[What you have to do]:
Return only the stretch of the material below that begins with the line containing "Elegantes, langes, weißes" and ends with the line containing "三一重工HZS180混凝土搅拌站局部", exactly; both of those lines belong to it.

==================================================

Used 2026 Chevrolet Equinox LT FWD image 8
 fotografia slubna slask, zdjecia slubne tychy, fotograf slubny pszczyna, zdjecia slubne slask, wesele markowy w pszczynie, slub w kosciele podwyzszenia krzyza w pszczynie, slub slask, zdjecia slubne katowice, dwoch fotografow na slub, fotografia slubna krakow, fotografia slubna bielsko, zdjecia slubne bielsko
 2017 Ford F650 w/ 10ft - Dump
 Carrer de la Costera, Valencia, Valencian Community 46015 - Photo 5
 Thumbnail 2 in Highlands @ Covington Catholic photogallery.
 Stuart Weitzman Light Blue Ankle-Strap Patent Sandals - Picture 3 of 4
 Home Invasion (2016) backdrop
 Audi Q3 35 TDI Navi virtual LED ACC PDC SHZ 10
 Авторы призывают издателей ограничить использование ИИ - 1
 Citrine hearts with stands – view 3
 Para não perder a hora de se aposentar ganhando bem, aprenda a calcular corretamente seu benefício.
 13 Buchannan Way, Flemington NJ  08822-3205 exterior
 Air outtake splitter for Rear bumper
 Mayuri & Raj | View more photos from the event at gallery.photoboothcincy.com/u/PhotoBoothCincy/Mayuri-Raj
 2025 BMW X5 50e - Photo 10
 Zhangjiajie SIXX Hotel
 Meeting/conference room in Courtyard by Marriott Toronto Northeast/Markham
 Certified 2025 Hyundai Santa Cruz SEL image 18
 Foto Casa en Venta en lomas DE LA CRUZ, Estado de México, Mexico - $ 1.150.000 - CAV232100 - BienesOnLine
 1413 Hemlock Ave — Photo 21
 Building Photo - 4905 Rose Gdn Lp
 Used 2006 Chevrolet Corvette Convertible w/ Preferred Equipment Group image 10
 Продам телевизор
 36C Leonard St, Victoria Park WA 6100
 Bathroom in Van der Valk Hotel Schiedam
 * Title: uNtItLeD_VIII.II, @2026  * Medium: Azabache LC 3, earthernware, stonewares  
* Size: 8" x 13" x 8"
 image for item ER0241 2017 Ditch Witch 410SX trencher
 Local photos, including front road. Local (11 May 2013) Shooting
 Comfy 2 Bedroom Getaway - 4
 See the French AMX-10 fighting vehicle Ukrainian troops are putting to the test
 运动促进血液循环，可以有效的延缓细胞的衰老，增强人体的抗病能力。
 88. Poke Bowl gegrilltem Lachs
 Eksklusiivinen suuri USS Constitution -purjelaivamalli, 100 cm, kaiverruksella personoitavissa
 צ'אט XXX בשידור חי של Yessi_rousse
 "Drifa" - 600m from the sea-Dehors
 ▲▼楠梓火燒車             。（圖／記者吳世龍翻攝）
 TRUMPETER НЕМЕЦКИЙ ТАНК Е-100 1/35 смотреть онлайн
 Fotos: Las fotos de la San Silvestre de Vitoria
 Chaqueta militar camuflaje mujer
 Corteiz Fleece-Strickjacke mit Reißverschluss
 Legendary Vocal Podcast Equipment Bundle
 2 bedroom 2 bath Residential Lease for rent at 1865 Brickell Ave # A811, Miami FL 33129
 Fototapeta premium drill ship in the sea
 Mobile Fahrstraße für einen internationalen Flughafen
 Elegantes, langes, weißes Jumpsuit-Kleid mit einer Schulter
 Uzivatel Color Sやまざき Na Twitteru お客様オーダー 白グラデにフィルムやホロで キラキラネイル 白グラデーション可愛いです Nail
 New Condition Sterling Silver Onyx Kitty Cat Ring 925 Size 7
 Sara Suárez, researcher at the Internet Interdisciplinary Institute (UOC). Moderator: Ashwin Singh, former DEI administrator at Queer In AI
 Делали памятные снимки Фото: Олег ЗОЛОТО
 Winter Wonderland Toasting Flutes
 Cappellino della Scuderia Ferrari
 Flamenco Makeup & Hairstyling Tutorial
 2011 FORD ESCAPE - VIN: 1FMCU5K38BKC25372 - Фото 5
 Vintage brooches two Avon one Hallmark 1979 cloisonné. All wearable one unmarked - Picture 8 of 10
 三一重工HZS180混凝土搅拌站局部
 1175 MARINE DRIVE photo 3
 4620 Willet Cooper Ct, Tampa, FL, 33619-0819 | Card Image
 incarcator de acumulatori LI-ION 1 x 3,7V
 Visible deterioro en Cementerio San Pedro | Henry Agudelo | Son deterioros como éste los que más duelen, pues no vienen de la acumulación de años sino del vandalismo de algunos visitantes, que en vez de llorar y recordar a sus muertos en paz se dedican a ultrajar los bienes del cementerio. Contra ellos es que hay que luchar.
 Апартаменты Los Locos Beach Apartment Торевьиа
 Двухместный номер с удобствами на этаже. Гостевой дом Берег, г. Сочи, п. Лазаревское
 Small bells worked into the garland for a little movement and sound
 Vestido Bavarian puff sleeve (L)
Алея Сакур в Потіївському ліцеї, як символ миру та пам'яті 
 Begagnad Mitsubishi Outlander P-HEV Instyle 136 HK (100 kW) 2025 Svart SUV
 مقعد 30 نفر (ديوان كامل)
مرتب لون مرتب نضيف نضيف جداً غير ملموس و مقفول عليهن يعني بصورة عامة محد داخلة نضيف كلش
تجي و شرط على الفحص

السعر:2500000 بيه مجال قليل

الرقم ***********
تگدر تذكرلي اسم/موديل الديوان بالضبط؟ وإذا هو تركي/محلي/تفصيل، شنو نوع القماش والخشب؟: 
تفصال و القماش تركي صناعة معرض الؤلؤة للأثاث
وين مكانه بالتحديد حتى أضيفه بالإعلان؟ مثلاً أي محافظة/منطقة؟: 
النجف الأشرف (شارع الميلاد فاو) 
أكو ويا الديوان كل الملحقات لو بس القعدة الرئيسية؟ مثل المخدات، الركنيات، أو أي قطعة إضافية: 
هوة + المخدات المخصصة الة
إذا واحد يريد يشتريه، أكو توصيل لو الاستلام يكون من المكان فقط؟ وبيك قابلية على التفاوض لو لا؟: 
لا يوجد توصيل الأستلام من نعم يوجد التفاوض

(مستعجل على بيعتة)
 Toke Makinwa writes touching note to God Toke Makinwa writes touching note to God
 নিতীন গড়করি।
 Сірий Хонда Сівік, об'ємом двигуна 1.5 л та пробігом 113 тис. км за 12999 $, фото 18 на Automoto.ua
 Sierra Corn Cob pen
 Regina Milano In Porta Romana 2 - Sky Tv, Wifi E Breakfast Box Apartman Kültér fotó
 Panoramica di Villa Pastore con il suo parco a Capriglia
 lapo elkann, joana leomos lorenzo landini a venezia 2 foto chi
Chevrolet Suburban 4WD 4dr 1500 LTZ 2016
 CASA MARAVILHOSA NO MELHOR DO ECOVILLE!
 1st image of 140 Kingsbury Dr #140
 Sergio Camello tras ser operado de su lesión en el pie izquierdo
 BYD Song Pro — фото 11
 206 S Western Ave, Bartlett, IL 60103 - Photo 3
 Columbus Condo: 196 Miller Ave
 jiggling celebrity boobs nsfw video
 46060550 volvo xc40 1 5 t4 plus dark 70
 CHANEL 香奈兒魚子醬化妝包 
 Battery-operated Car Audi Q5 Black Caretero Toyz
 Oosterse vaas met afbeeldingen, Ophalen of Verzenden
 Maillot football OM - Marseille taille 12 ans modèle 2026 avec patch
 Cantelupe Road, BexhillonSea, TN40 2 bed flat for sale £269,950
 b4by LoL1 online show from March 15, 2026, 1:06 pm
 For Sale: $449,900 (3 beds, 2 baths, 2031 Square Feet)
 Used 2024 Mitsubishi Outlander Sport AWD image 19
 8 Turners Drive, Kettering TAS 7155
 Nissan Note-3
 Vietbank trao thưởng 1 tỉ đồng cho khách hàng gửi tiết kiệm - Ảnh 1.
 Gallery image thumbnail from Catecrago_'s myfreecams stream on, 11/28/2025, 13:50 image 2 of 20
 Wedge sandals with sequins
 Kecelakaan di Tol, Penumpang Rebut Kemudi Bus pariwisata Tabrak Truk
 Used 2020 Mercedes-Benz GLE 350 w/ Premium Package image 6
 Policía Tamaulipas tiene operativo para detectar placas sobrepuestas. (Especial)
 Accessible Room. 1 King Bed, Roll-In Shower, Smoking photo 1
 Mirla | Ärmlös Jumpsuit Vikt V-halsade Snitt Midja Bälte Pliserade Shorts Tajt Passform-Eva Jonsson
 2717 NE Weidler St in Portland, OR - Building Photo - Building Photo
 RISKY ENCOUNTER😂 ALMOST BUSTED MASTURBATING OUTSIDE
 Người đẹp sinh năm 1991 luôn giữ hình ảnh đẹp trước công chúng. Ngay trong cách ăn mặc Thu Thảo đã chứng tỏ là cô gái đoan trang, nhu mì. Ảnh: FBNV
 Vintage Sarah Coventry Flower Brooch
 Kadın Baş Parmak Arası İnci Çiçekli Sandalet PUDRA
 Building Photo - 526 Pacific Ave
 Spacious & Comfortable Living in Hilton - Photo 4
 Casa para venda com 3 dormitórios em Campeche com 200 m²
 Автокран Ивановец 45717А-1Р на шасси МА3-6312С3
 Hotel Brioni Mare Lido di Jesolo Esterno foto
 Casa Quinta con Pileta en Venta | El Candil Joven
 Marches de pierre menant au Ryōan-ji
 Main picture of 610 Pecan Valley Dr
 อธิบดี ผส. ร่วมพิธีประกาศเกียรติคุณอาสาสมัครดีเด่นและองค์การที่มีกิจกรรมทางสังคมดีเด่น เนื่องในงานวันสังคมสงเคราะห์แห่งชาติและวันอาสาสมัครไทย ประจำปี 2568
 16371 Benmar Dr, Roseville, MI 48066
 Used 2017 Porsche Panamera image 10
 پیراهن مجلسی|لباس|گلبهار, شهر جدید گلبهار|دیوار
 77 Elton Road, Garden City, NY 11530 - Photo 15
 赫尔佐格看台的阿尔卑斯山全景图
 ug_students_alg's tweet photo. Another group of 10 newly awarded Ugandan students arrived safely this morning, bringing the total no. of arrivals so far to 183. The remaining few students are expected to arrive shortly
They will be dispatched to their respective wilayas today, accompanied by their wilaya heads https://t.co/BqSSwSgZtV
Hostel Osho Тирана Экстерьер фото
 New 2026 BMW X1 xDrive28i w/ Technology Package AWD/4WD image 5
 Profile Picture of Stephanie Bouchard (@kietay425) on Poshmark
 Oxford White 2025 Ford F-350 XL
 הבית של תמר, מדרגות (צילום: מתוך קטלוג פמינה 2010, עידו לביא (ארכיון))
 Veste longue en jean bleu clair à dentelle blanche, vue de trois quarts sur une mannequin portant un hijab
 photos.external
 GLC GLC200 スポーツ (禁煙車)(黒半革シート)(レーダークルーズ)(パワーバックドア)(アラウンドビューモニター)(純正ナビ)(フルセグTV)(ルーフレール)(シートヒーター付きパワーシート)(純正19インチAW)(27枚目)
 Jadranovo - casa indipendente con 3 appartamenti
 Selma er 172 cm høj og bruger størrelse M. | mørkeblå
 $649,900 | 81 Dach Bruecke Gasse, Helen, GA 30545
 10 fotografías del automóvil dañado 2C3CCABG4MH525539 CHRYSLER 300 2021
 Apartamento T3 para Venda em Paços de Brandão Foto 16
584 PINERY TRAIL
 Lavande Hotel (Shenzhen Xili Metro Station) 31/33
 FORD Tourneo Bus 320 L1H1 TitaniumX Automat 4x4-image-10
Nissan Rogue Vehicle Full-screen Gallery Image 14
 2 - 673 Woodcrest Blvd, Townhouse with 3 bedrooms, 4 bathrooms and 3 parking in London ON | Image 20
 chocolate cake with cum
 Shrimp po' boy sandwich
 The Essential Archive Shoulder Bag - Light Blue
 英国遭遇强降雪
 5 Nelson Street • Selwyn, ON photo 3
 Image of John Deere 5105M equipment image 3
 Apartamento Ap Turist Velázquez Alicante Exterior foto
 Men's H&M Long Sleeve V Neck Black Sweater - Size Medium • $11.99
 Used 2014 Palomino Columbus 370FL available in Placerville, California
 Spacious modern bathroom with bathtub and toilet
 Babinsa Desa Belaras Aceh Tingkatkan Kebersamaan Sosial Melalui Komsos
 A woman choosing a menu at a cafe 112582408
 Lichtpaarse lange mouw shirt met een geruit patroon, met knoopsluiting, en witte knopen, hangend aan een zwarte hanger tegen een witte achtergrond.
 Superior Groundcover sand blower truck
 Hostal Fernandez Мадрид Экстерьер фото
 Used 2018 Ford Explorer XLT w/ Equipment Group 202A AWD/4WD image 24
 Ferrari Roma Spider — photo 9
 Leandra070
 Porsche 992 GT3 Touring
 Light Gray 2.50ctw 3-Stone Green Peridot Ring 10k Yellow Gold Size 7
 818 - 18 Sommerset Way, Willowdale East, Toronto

==================================================

[Your solution]:
 Elegantes, langes, weißes Jumpsuit-Kleid mit einer Schulter
 Uzivatel Color Sやまざき Na Twitteru お客様オーダー 白グラデにフィルムやホロで キラキラネイル 白グラデーション可愛いです Nail
 New Condition Sterling Silver Onyx Kitty Cat Ring 925 Size 7
 Sara Suárez, researcher at the Internet Interdisciplinary Institute (UOC). Moderator: Ashwin Singh, former DEI administrator at Queer In AI
 Делали памятные снимки Фото: Олег ЗОЛОТО
 Winter Wonderland Toasting Flutes
 Cappellino della Scuderia Ferrari
 Flamenco Makeup & Hairstyling Tutorial
 2011 FORD ESCAPE - VIN: 1FMCU5K38BKC25372 - Фото 5
 Vintage brooches two Avon one Hallmark 1979 cloisonné. All wearable one unmarked - Picture 8 of 10
 三一重工HZS180混凝土搅拌站局部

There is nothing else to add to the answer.